A Women’s day Experience by Sian Matthews

I had a bad experience for International women’s day and it helps prove how far we still need to go.

A friend and I decided to spend IWD at a few galleries in London which were holding exhibitions and tours about women artists, the female gaze and the influential women who helped shape certain institutions. I hadn’t seen my friend for a while, I was looking forward to celebrating women and art with her.

The day started strong with a coffee and a catch up before moving on to the newly opened Richard Saltoun gallery in Mayfair. The first exhibition held at this new gallery space, ‘Women Look at Women’ explored themes such as feminine identity, censorship, gender stereotypes, sex and relationships through the work of thirteen international artists.
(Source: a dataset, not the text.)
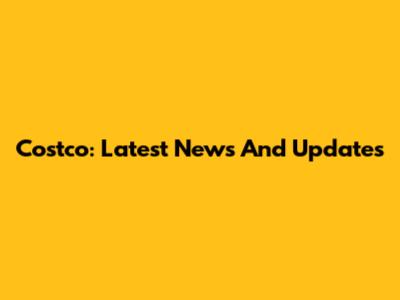 Costco: Latest News And Updates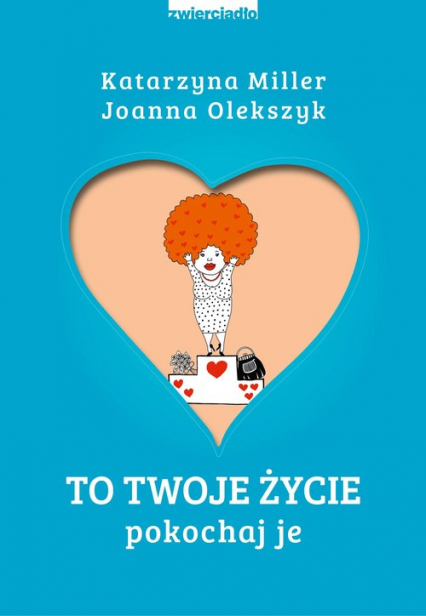 To Twoje życie Pokochaj je - Joanna Olekszyk, Katarzyna Miller | okładka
The exhibition included beautiful but honest black and white photography by artists like Renate Bertlmann, Francesca Woodman and Annegret Soltau, as well as sculptural works by Helen Chadwick.

It was great to experience an exhibition, curated by a woman, working with female artists, feminine themes and the female gaze. You know, other then when Sweet ‘Art does it. For the most part I was impressed by it. The exhibition felt refreshing; it was clean and well thought out, and most importantly for the viewer, it was insightful and thought provoking. Of course, any exhibition has space for improvement, to learn and ensure you do things better the next time. ‘Women Look at Women’ could have been more inclusive. It could have included a wider, more diverse group of works, but it did what it was meant to do well enough for me.

After such a great start you will understand my disappointment and, honestly, outrage at our next visit.  This year for International Women’s Day, the Royal Academy intended to celebrate with ‘Feminine Futures’, a series of events and tours from the 1st – 10th of March.

We got to the RA at noon for the IWD tour, which was billed as an event that will “explore the lives of some of the important women in the history of the RA”. What we were greeted with however was anything but!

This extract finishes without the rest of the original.